Mardi 24 avril, des salariés de Lanetro ont occupé les locaux de la société après leur temps de travail. La direction a appelé la police pour mettre fin à cette situation et compte porter plainte pour séquestration.
"Depuis janvier 2001, nous subissons des harcèlements moraux de la part du dirigeant de Lanetro : suppression de nos outils de travail, brimades, injures verbales et gestuelles, menaces...", raconte un salarié. Avec une quinzaine d’autres, dont des ex-salariés, il a décidé d’occuper les locaux de l’entreprise, à la Plaine Saint-Denis (Saint-Denis), dans la banlieue parisienne.
Depuis le début de l’année à la Plaine Saint-Denis, les salariés du guide urbain en ligne Lanetro sont entrés en conflit avec leur direction. Ils l’accusent de procéder à des licenciements abusifs et de recourir au harcèlement moral pour pousser des employés à la démission. L’après-midi du 2 mars, quelques salariés se sont donc mis en grève afin de se joindre à un rassemblement organisé par le syndicat BETOR-PUB CFDT pour dénoncer les pratiques sociales des start-ups. Mais la situation ne s’est pas améliorée depuis. Et les salariés ont craint de tomber dans l’oubli. "La médecine du travail a noté qu’il y avait harcèlement, mais elle n’a pas le pouvoir d’arrêter les dégâts : elle peut seulement témoigner en cas de procès. L’inspection du travail n’a pas non plus la possibilité de faire cesser les abus immédiatement. Quant au BETOR-PUB nous nous avons eu l’impression qu’il n’était pas très actif", explique un employé. Une personne de l’équipe se tourne alors vers le Syndicat de l’industrie informatique de la Confédération nationale du travail (SII-CNT) dont les méthodes sont plus radicales. Le 12 avril, pour le premier anniversaire de l’implantation de Lanetro en France (la société est d’origine espagnole), un commando de quatre membres de la CNT "entarte" Juan Carlos Campo, le représentant légal de l’entreprise en France, en signe de protestation. Toujours en avril, deux salariés de Lanetro font consigner sur la "main courante" du commissariat de Saint-Denis leurs griefs à l’encontre de Juan Carlos Campo.

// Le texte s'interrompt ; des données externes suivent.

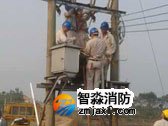 電力行業(yè)檢測專用的“望、聞、問、切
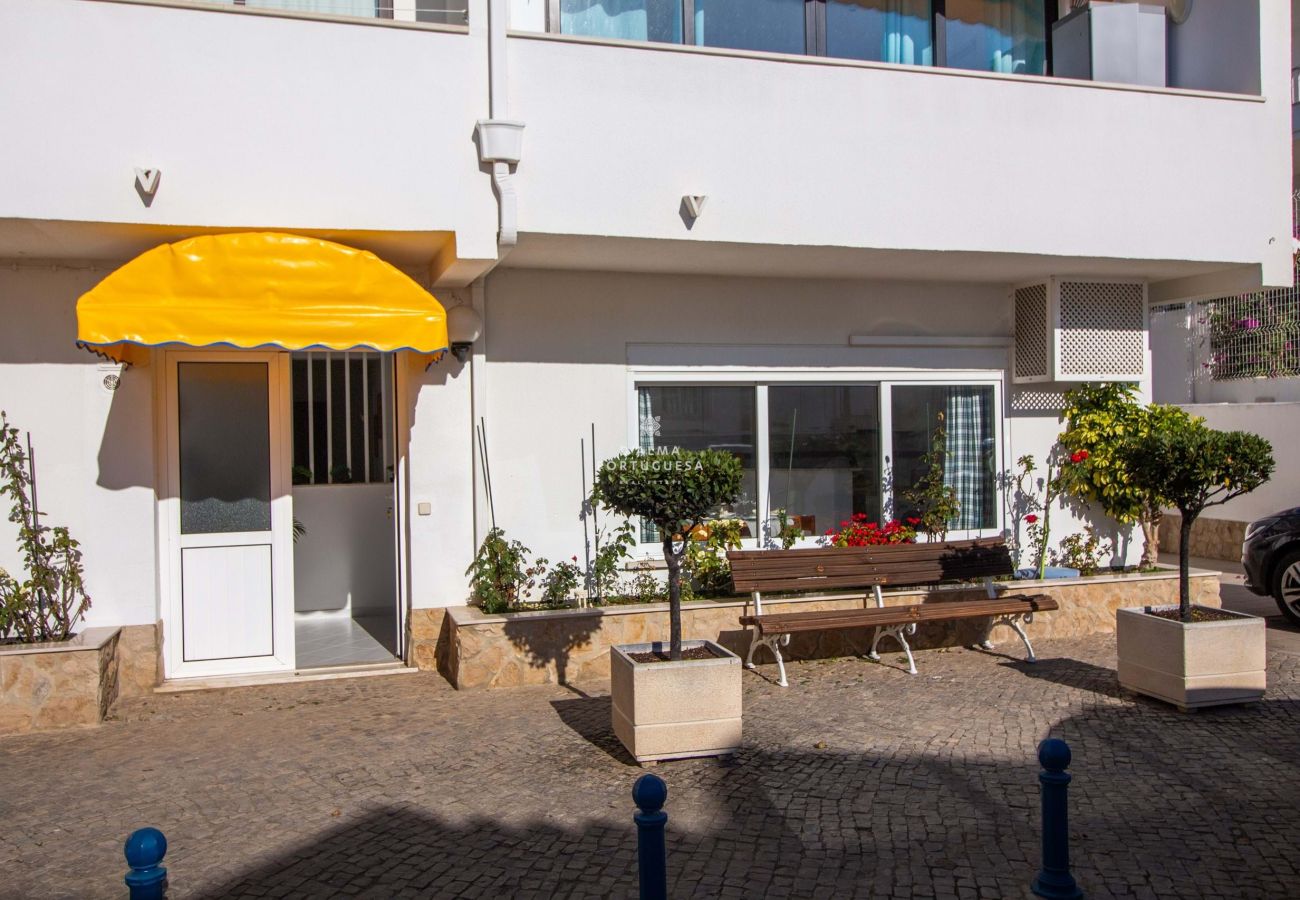 Appartement à Albufeira - Downtown Apartment - By D`alma  Portuguesa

Le dernier épisode d’un long conflit
Le dernier épisode de cette saga sociale s’est déroulé hier, avec l’occupation des locaux de l’entreprise par une quinzaine d’employés (salariés, pigistes et personnel licencié depuis le début de l’année), en présence de représentants de la Confédération nationale du travail. L’occupation commence un peu avant 18 h 30, à la fin de la journée de travail. La discussion s’engage avec Juan Carlos Campo, tandis que les autres cadres quittent les locaux. "Un pigiste réclamait le paiement de 22 000 francs d’arriérés de salaire et son licenciement économique afin de pouvoir toucher les Assedic. L’atmosphère était plutôt bon enfant, nous discutions en buvant quelques bières", raconte une employée. Mais vers 22 h 30, la police fait irruption, après un appel dénonçant la séquestration de Juan Carlos Campo. "Selon mes collègues présents sur les lieux, tout se passait gentiment. Mais s’il y avait une plainte, la séquestration serait sans doute avérée", explique un responsable au commissariat de Saint-Denis. Bien que le rapport d’intervention de la brigade anti-crimininalité (BAC) ne mentionne aucune violence physique ni dégât matériel. À 23 h30, toutes les personnes présentes lors de cette occupation ont quitté les lieux sans heurts quand la police le leur a demandé. "Et sans avoir rien obtenu", précise l’un des membres du groupe.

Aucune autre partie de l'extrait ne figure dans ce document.